調査官は家族や従業員に株式が渡った経緯や、本当に出資しているか、配当もきちんとその人たちに渡っているかどうかを聞いてきます。
事前に議事録や契約書などをそろえておき、これらのことを説明できるようにしておくことが必要になります。
■同族会社との債権債務
「名義株の有無」と同様、亡くなった人が会社の経営者だった場合に必ず問われるのが「会社に個人的なお金を貸したままになっていませんか?」ということです。
会社が資金繰りに困り、自分の預貯金から工面するのはよくあることですが、経営者が会社へ貸したお金は、法人税の確定申告書において毎期その状況(決算報告書の付属明細書)を税務署へ報告しています。
万一、亡くなった人が会社へ貸しているお金があり、それを残したまま相続を迎えてしまった場合には、貸付債権として相続財産になってしまいます。
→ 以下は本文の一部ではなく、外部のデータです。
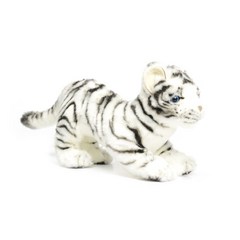 한사토이 동물인형 6409 백호 Tiger White Cub Prowling, 16cm, 흰색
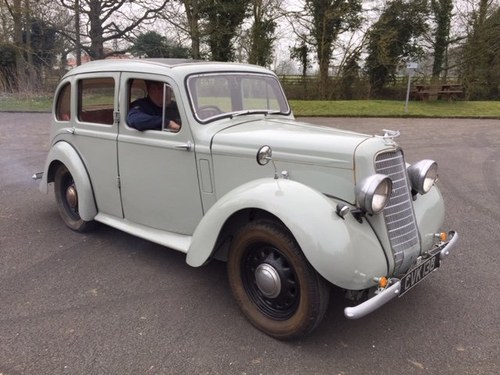 **REMAINS AVAILABLE** 1936 Hillman Minx For Sale by Auction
というのも、会社に対して貸付金がある状態で相続が起こると、相続人は返してもらう権利を引き継ぐことになるからです。
これは本来であれば、生前に解決しておくべき問題です。経営者本人の個人的な財産から借り入れをするということは、実際に会社の経営状態は苦しいわけですから、あとから返済しようにもなかなかできるものではありません。
そのような場合には生前に、会社に対する貸付金を債権放棄しておくのが効果的です。そうすることで、会社のほうでは債務免除益になるので、決算で雑収入として組み込まれ、その分の経営者からの借金は消滅します。
会社が赤字の状態の場合、このように雑収入で受け入れても赤字の範囲内であれば税金はかからず、相続財産も減らすことが可能となります。